# Given data:
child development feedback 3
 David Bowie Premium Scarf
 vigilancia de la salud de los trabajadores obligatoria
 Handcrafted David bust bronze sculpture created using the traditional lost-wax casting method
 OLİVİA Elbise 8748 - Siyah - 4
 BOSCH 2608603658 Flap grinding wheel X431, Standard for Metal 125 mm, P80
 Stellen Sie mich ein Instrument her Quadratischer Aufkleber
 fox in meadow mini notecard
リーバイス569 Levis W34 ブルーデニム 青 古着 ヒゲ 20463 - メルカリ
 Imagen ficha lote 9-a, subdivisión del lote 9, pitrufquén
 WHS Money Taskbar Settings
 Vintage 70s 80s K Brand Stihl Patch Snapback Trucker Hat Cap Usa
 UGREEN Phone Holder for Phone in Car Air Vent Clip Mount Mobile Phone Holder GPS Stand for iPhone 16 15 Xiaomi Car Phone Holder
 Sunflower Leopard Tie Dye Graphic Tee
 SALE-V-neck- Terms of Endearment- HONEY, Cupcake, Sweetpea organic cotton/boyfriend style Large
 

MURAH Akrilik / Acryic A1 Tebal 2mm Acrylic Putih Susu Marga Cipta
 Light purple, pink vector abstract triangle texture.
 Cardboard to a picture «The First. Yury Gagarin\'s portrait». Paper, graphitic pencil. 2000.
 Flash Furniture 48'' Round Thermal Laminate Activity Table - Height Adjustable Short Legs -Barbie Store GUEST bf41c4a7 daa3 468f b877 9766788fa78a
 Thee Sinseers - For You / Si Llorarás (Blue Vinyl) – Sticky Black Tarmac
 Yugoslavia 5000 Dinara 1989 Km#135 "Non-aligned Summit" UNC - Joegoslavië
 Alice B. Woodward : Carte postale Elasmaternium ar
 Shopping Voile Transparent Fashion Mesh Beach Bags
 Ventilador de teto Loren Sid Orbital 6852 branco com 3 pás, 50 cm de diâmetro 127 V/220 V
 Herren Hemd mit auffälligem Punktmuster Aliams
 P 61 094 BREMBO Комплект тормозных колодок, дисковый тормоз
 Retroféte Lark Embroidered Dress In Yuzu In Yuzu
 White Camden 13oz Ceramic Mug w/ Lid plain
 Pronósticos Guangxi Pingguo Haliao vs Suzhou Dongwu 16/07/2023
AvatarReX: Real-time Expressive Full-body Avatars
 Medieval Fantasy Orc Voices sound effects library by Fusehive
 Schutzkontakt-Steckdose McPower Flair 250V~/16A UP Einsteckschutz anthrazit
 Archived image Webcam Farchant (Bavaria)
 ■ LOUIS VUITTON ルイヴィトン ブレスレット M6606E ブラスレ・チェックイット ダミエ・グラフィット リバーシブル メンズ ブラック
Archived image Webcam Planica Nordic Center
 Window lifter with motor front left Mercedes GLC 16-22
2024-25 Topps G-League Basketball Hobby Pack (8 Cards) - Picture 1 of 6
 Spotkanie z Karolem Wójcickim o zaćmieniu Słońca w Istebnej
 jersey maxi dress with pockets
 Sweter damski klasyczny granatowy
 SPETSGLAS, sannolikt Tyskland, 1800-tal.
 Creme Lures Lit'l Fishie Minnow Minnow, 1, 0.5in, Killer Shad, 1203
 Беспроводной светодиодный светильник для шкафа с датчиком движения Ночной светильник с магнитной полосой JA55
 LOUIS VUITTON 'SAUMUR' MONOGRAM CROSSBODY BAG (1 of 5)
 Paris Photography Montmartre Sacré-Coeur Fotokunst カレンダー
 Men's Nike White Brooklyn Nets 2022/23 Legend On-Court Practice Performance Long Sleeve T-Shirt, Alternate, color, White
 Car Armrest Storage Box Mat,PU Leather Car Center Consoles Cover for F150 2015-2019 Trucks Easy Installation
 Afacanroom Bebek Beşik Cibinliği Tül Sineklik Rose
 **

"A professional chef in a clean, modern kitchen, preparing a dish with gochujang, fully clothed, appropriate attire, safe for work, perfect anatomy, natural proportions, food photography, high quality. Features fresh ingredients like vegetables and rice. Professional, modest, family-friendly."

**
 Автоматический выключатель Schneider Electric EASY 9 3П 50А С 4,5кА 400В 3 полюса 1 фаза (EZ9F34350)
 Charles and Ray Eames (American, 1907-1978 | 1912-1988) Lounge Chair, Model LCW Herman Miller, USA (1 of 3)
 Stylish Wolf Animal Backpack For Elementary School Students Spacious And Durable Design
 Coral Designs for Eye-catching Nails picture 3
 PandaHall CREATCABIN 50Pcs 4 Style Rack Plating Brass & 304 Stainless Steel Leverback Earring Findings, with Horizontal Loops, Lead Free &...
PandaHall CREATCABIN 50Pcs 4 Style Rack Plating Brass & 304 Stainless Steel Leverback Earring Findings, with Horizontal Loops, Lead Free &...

# Exercise details:
With the first line being the one containing "Archived image Webcam Planica Nordic Center" and the last line the one containing "Creme Lures Lit'l", transcribe exactly the lines above that fall in that range.

# Finished exercise:
Archived image Webcam Planica Nordic Center
 Window lifter with motor front left Mercedes GLC 16-22
2024-25 Topps G-League Basketball Hobby Pack (8 Cards) - Picture 1 of 6
 Spotkanie z Karolem Wójcickim o zaćmieniu Słońca w Istebnej
 jersey maxi dress with pockets
 Sweter damski klasyczny granatowy
 SPETSGLAS, sannolikt Tyskland, 1800-tal.
 Creme Lures Lit'l Fishie Minnow Minnow, 1, 0.5in, Killer Shad, 1203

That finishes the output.